Connaissez-vous les stratégies CX des autres grandes entreprises?

Gardez toujours à l’esprit qu’un sondage, c’est une expérience en soi

Nous aspirons à être la plus grande marque de services au monde, pas seulement dans le domaine financier. Bien évidemment, nous sommes au courant de ce que font les grandes marques et la façon également dont elles responsabilisent leurs employés.
Nous nous intéressons autant aux hôtels comme le Ritz Carlton, les Hyatt qu’à Starbucks - plus « mass market » - Notre spectre est très étendu et ne se limite pas aux marques de prestige.
Notre ambition a toujours été d’être la marque de service la plus respectée au monde, un défi permanent chez AmEx. Nous réalisons donc des benchmarks en demandant simplement aux gens quelles sont leurs expériences en matière de service, qu’il s’agisse d’une marque de voiture, d’un hôtel ou d’un autre système de carte de crédit. J’analyse attentivement les résultats de chaque sondage pour savoir comment on se situe, quelle est notre représentation. On doit toujours garder à l’esprit qu’un sondage, c’est une expérience en soi. Cette année, nous avons décidé de revoir entièrement nos sondages avec la collaboration de Qualtrics qui a contribué à les rendre plus courts, plus percutants, plus performants.
Notre taux de réponse est de 2,5 à 3 fois supérieur.

Comment envisagez-vous l'avenir de l’Expérience client (CX)?

Maintenant que nous disposons de nouvelles technologies, nous souhaitons modéliser avec précision la satisfaction client et ne pas nous fier uniquement aux sondages, même si nous avons des taux de réponse qui ont doublé voire triplé.
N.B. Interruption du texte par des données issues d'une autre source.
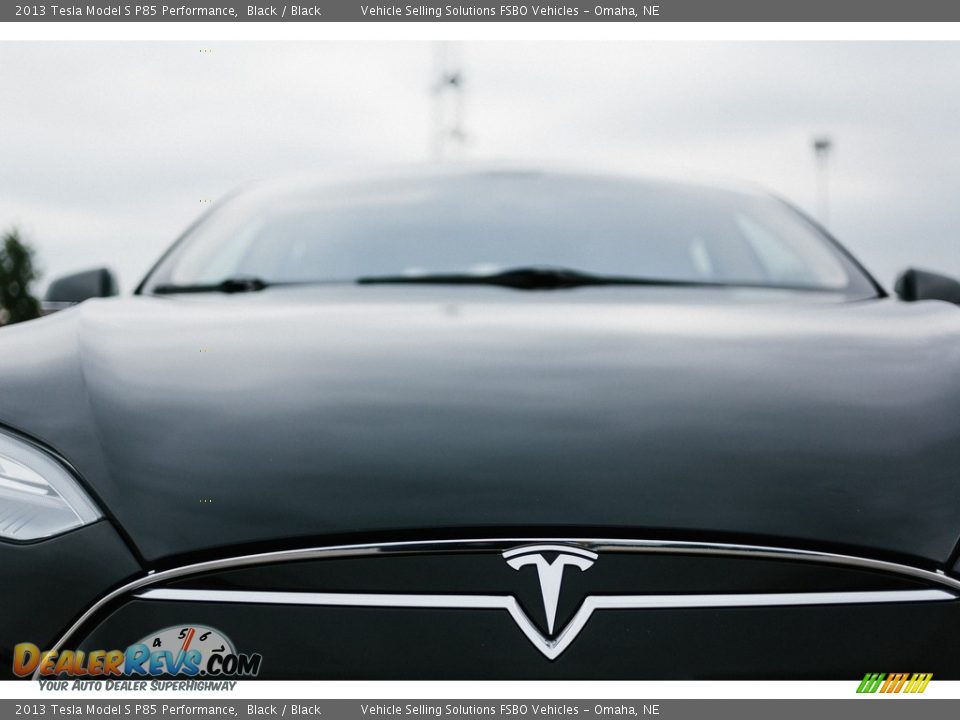 2013 Tesla Model S P85 Performance Black / Black Photo #17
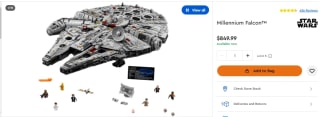 LEGO Star Wars 75192 : Millennium Falcon - Ultimate Collector Series à 817,50€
Nos enquêtes de satisfaction ne concernent désormais qu’une partie des échanges avec les clients. L’analyse vocale est un moyen de mesurer la satisfaction client et d'améliorer les données et les techniques de modélisation. De belles opportunités vont se créer dans l’avenir, de nombreux programmes CX sont presque organisés comme des usines.

Lancer des widgets au quotidien, envoyer des sondages, collecter des réponses, tirer des enseignements des expériences de nos télé-conseillers et améliorer nos process pour nos dirigeants, n’est en rien agile, flexible et ne répond pas aux questions que l’on se pose en interne. Je rêve de pouvoir modéliser la satisfaction client, afin d’utiliser les études davantage comme outils de recherche. J'espère que les dispositifs deviendront bientôt moins rigides. On peut toujours exploiter les résultats des enquêtes mais en les associant avec d’autres types de recherche. Je souhaiterais à l’avenir que ces deux principes soient complémentaires et non plus, totalement dissociés.

Quelles recommandations feriez-vous aux « junkies » CX?

Saisissez chaque étude qui se présente à vous
 

Saisissez chaque étude qui se présente à vous et regardez-la attentivement. Chercher à comprendre la forme, le fond, en quoi cela fait écho à votre propre expérience. J’applique toujours ce principe avant de les transmettre à mon équipe. C’est une étape que je trouve formidable à expérimenter même si certaines personnes pourraient la trouver ennuyeuse. Recevoir chaque jour des informations concurrentielles, c’est une vraie chance.